Am with you 100%. I thought this would have been a hush-hush if the
news didn't blow up like it did. I mean Kenya would not have initiated
sending him to Jamaica via Gambia and Nigeria without making sure both
governments are OK with it. They gave their blessings but backed out
only after the whole thing blew up and State Department tightened the
screw on their balls (pardon my French). Kenya would not have cared to
arrest and deport Faisal if not for the invincible hand of the Obama
administration. Watch what Kenya does to appease America..... and
Yahya thought he is a bad-ass Ahmadenijadovic or el macho Hugolito!

-Laye

On Thu, Jan 14, 2010 at 10:19 AM, Haruna Darboe <[log in to unmask]> wrote:
> Laye,
>
> Yahya is lying through his refurbished teeth. he did indeed accept the Lunga
> Lunga guy. It is only after Gaddafi told him to deny he ever accepted him so
> that Kenya's options to deport the guy could be diminished to near zero that
> yahya flew the coop. Don't listen to him. He's lying.
>
> Haruna.
> -----Original Message-----
> From: A Jallow <[log in to unmask]>
> To: [log in to unmask]
> Sent: Thu, Jan 14, 2010 12:08 am
> Subject: Fw: Kenya in fresh bid to deport Faisal
>
> http://www.nation.co.ke/News/-/1056/841680/-/view/printVersion/-/wgd0fxz/-/index.html
>
> News
> Kenya in fresh bid to deport Faisal
>
> By NATION Team Posted Wednesday, January 13 2010 at 21:17
>
> Jamaican preacher Sheikh Abdullah al-Faisal was on Wednesday moved
> from his remand cell to the airport as the government made a second
> attempt to deport him.
>
> The radical Islamic preacher was removed from the Industrial Area
> Remand Prison on Tuesday evening, Ms Pauline Ngari, the officer
> in-charge, said. He had been held at the jail since Sunday. He is now
> being held at the Jomo Kenyatta International Airport in Nairobi
> pending deportation.
>
> The move came as the Gambia, the destination of his last aborted
> expulsion bid, denied ever agreeing to accept him.

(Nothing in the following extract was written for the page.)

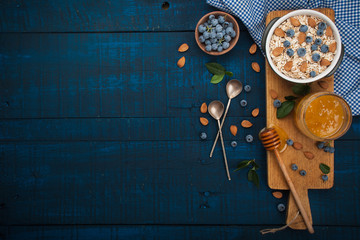 A healthy breakfast on a dark blue wooden background: Oatmeal, milk, blueberries, honey and almonds. Rustic style. - obrazy, fototapety, plakaty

The Gambian
> government has threatened to impound any aircraft that will fly the
> preacher to the West African nation.
>
> And in a related development, an activist has gone to court to try and
> force the government to produce Sheikh al-Faisal in court. Also sought
> by Mr Al-Amin Kimathi in suit papers filed in court on Wednesday, is
> an order stopping the government from deporting the cleric before the
> application is heard and determined.
>
> The preacher’s presence in Kenya has been declared a security risk by
> Immigration minister Otieno Kajwang’. The statement by the Gambian
> government complicates matters for the already embarrassed Kenyan
> authorities. On Thursday last week, Mr Kajwang’ told the press that
> the West African state had accepted Sheikh al-Faisal.
>
> Speaking to reporters on Tuesday in the capital Banjul, acting
> director-general of immigration in the Gambia Buba Sagnia, denied
> there was any such deal with Kenya. “It’s a lie that Abdullah
> al-Faisal was accepted by the Gambian government,” Sagnia told
> reporters.
>
> And on Monday, Mr Kajwang’ said that the Gambia and Nigeria had
> changed their minds over the controversial cleric. The minister blamed
> the media for sending out alarmist reports that portrayed the
> religious leader in an “alarmist and negative” way.
>
> “He chose to go to the Gambia, but when he reached Nigeria on his way
> to Banjul, the authorities denied him a transit visa and put him on
> the next flight back,” Mr Kajwang’ had said on Monday. Attempts to
> reach Mr Kajwang’ for comment were not successful as his phone went
> unanswered. Kenya does not have direct flights to Jamaica and has to
> rely on other countries for passage.
>
> Under international law, too, Kenya has the burden of delivering him
> back home safely, protecting his human rights against violation and
> ensuring that he is not delivered to another government for torture or
> to face charges similar to the ones he was convicted for in the UK in
> 2003.
>
> A British court convicted the cleric for inciting murder and racial
> hatred and sentenced him to nine years in prison back then. He was
> then deported to Jamaica in 2007, according to the New York Times. In
> court on Wednesday, Mr Kimathi said the cleric entered the country
> lawfully and has not breached any laws to warrant detention or
> deportation. Mr Kimathi sued immigration minister Otieno Kajwang’, the
> police commissioner, the commissioner of prisons and the
> attorney-general.
>
> The cleric was first arrested by police at Nyali mosque in Mombasa on
> December 31 and never allowed to see friends, said Mr Kimathi. The
> decision to hold the cleric in custody for long, he says, contradicts
> rights provided for under the constitution and international human
> rights convention. The court papers also say that Sheikh al-Faisal was
> declared a prohibited immigrant without having been accorded the
> opportunity to be heard.
>
> Sheikh al-Faisal says he was never presented before the immigrations
> department to answer any questions or even show cause why his
> immigration status as granted to him at the Lunga-Lunga border point
> should not be revoked. Mr Kimathi argues that the continued detention
> of the cleric without preferring any charges amounts to psychological
> torture. He also accused the government of holding the man without the
> orders of any court of law.
>
> According to the cleric’s wife, Ms Zubeida Khan, who resides in the
> UK, her husband was given a two-month visitor’s entry visa into Kenya.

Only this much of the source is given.